At xoJane.com, a “writer, agitator and commentator” named s.e. smith (like xoJane, she has issues about the shift key) has come out with a diametrically opposed criticism. She says Western yoga is indeed religion-free and that this is a shame. Her argument is slapped down under this headline: “Like It Or Not, Western Yoga Is a Textbook Example of Cultural Appropriation.” Hindus invented yoga as part of their faith tradition, and now westerners have taken the bits we like (meaning the physical stuff, the yoga postures) and dropped everything else (the scripture and cosmology). We were able to do this because of colonialism, and colonialism is bad, so what we're doing must also be bad.

A tough, hard-edged devotee of the secular might answer that the west freed the physical side of yoga from being trapped beneath a pile of unprovable mysticism. I'll settle for this: my deracinated yoga with its dainty trace elements of Hinduism has made my life a great deal better, and I believe this actual good is more important than theoretical harm. That's the case even if I'm the one who benefits from the actual good, and even if the people complaining include not just agitators in peasant skirts but actual Hindus who care about their faith.

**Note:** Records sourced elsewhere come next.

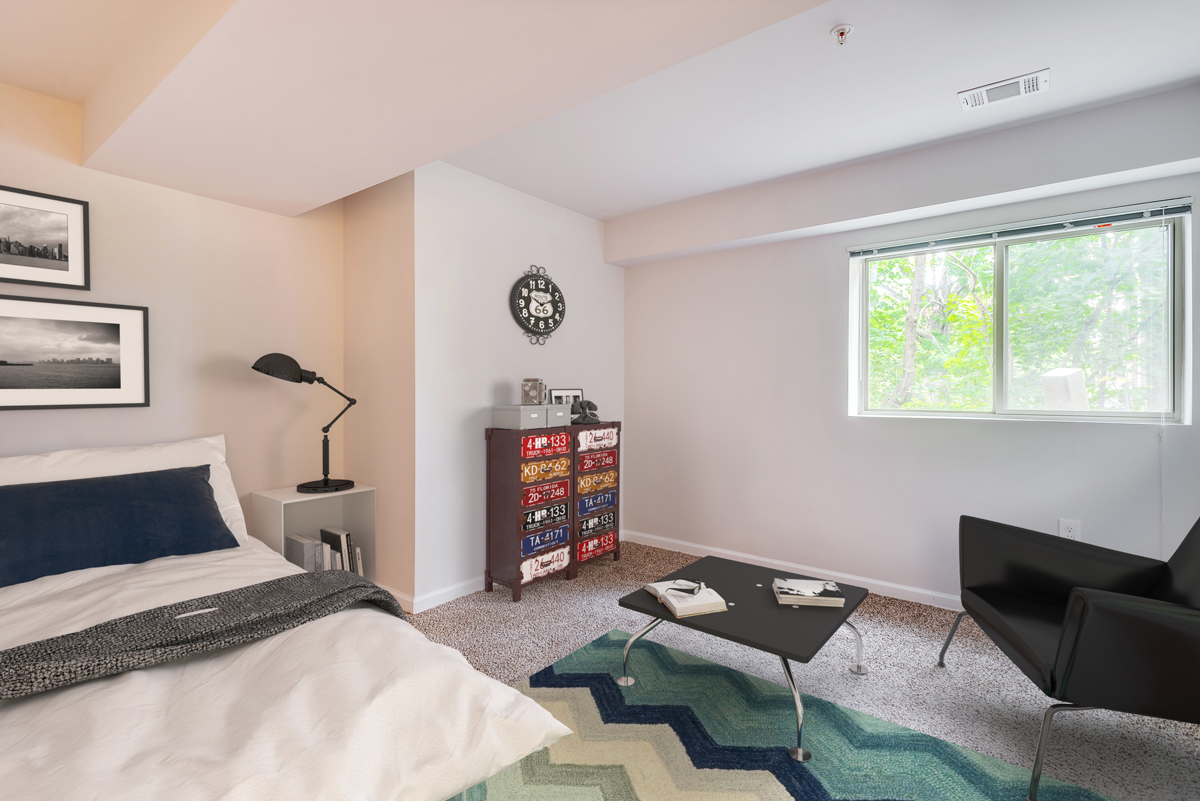 Cardiff Hall Apartments Apartments in Towson, MD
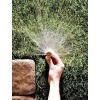 Rain Bird 1806AP Pop-Up Sprinkler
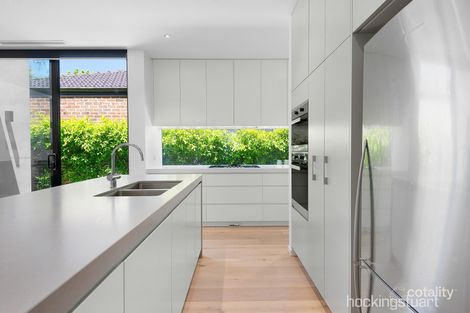 Property photo of 30B Bateman Street Hampton VIC 3188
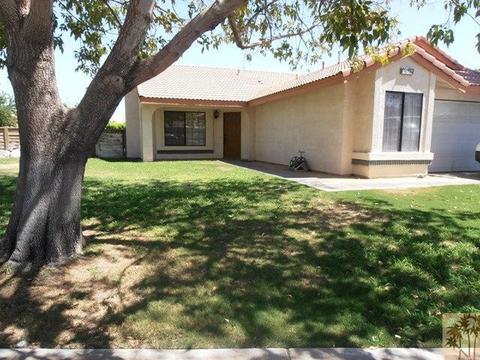 47662 Anza Ct, Indio, CA 92201 photo 1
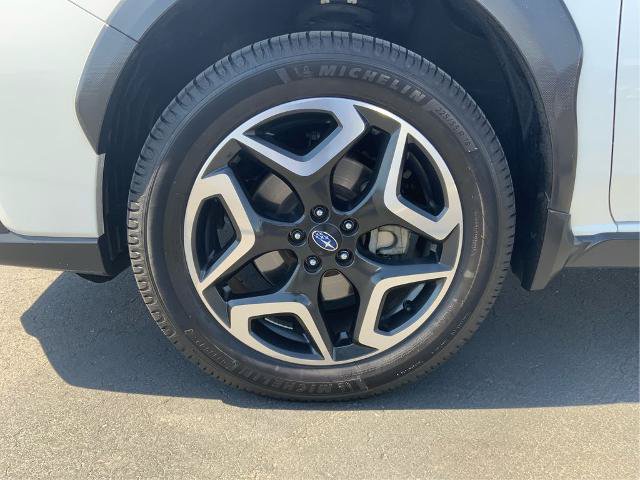 Used 2019 Subaru Crosstrek 2.0i Limited w/ Moonroof Package AWD/4WD image 26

There are Christians who get upset about today's de-Christed version of Christmas. Maybe some don't like it that non-believers can listen to Gospel. They can continue meditating on their God, and Hindus who don't like Lululemon can continue to commune with Brahman. It bothers them that I do what I do. It bothers me that they disapprove. Not everyone on earth is going to agree with you, especially not when it comes to things you really care about. God and Brahman don't let all their followers in on this secret, but I think the smart ones get it. As for s.e. smith, she can always learn about the shift key.